Wieck's residency, originally funded by a Fulbright grant in 2006, involved tutoring and leading master classes for the members of the Jesús Castillo Orchestra and students of the National Conservatory, ages 18–23.
That year, the symphony performed in the inaugural concert for the opening of the foundation's new arts center, where many of the members are now instructors for younger, incoming musicians.

It was those youngest musicians, ages 6–16, who brought Wieck back to Guatemala early last fall.

"I was touched that I was invited back, that they considered me one of their own," says Wieck. "It's such a fantastic project. I feel it's a real privilege to be part of it."

The new youth orchestra pairs some of the most talented children with the young professionals, not only for instruction, but also for performance. In concerts, the more seasoned musicians perform next to the children in an atypical mentoring relationship Wieck says "is working."

"Theoretically, the children should be more nervous (before a concert) because they have less experience, but they feel secure because their teachers are with them," Wieck says.

Wieck says signs of success are evident in the artistic quality of the performances. When the students play with their teachers in the advanced orchestras, they reach almost professional level. The music making in this group has passion and "a distinct feeling." Students performing in the younger group sound like a middle school orchestra.

"Yet, there's something else you don't expect in a performance by musicians at these ages with little experience. It's very appealing, with a definite excitement, and the audience feels that," Wieck says. "When people play with passion, they begin to shape the music. These are not kids playing separate notes. Their performances are compelling. That's what impressed me."

It was in his one-on-one sessions with the children that Wieck realized their individual drive — and their intensity. Most were performing on instruments provided by the foundation. In the week leading up to the public concert, the youngsters arrived daily by 9 a.m. and practiced throughout the day. It was in the rehearsals, without mentors performing at their side, that the young musicians had to "step up," says Wieck.

"For example, there was a boy about 14 from an underprivileged family who a year ago didn't know anything about classical music. He not only was introduced to it, but also learned to love and perform classical music as a percussionist. While his teacher spent time in rehearsals helping him find his place (in the music), in concert, the boy played Beethoven's Fifth correctly."

For some of the students, their participation in the national youth orchestra will lead to musical careers. For all, it opens doors to high culture.

"The way they're being taught opens a whole new world of beauty through music," Wieck says.

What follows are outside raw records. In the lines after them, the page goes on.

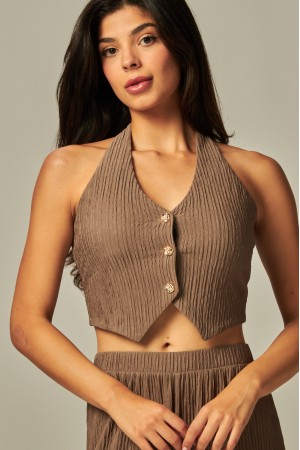 IRIS-8S<br/>Crinkled Plisse Vest 2pc Pants Set
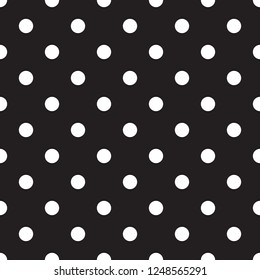 Black seamless polka dot pattern background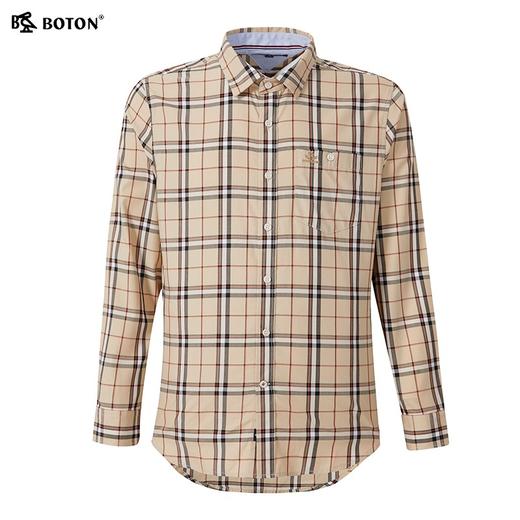 波顿格子衬衫男士高级感春季杏蓝色格纹长袖休闲高端抗菌薄荷衬衣MS657122 商品图5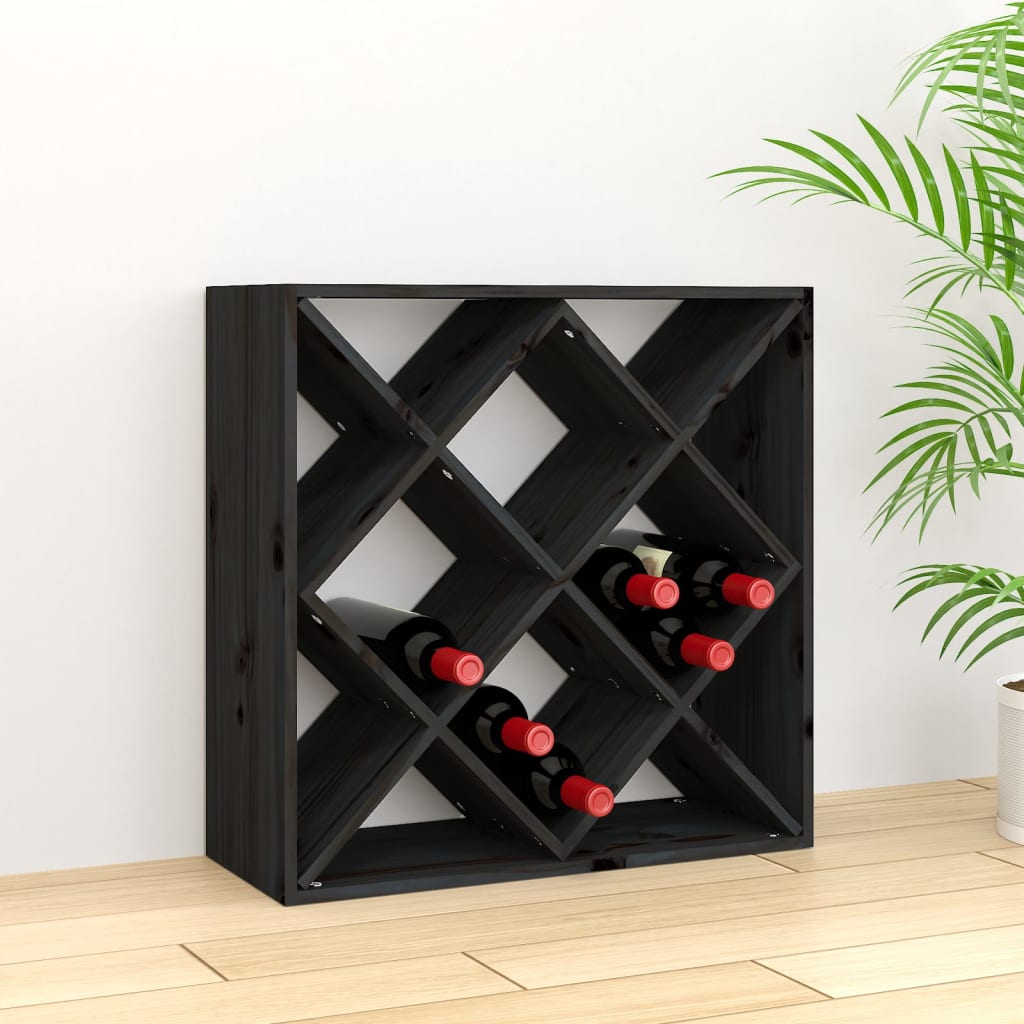 vidaXL Wine Cabinet Black 62x25x62 cm Solid Wood Pine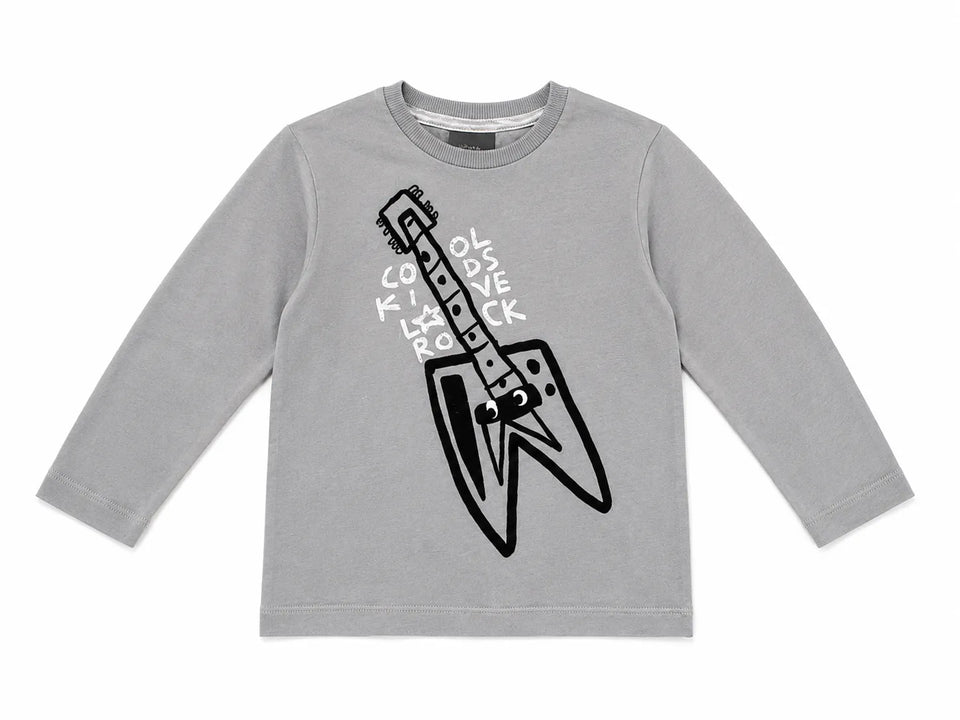 Zara Baby Boy's Light Grey An Electric Guitar Printed Long Sleeve Blouse | Zara in Lebanon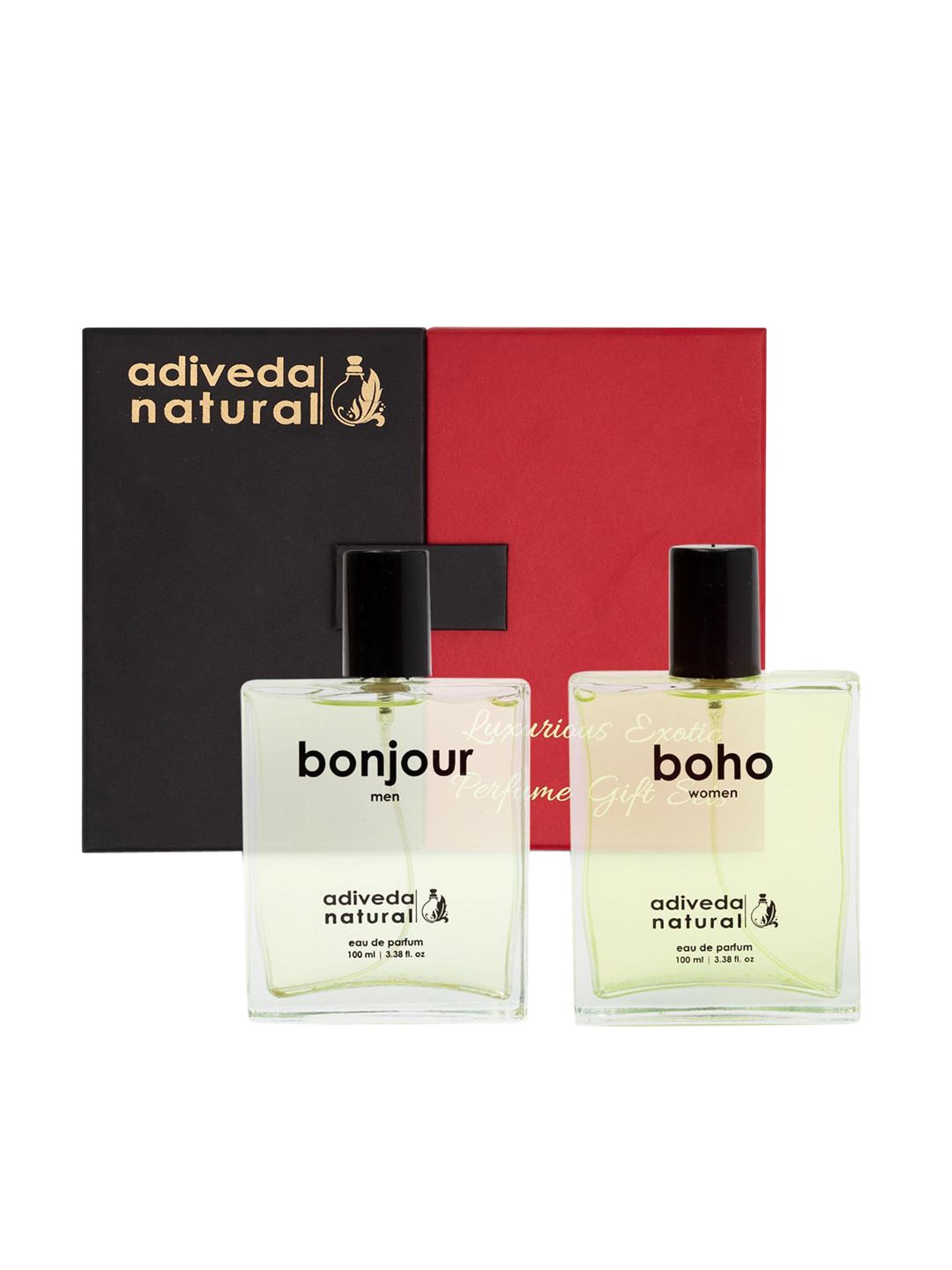 Adiveda Natural Pack of 2 Bonjour & Boho Perfume - 100ml Each Price in India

Despite his 34-year musical career, Wieck says he learned some powerful lessons from the young musicians. One of the most important: how strongly they feel about the privilege to be a musician.

"In a time when many rich countries, including ours and some in Europe, begin to think the arts expensive and, as a result, fund less and less, Guatemala, a country with limited resources, decided this kind of arts program is important and had no problem finding money. This is an example for everyone. It also really shows that supporting the arts is a question of priorities. I'm impressed that people in that country have the right priorities," he says.

"My mentor Iosif Andriasov always talked about the importance of the arts in society," he says. "Music is not just entertainment. This experience goes to the core of that philosophy, showing that music can bring people together in a profound way that may improve their quality of life. And music is not just for one person, but for a whole society. That's what the Guatemalans behind this project believe."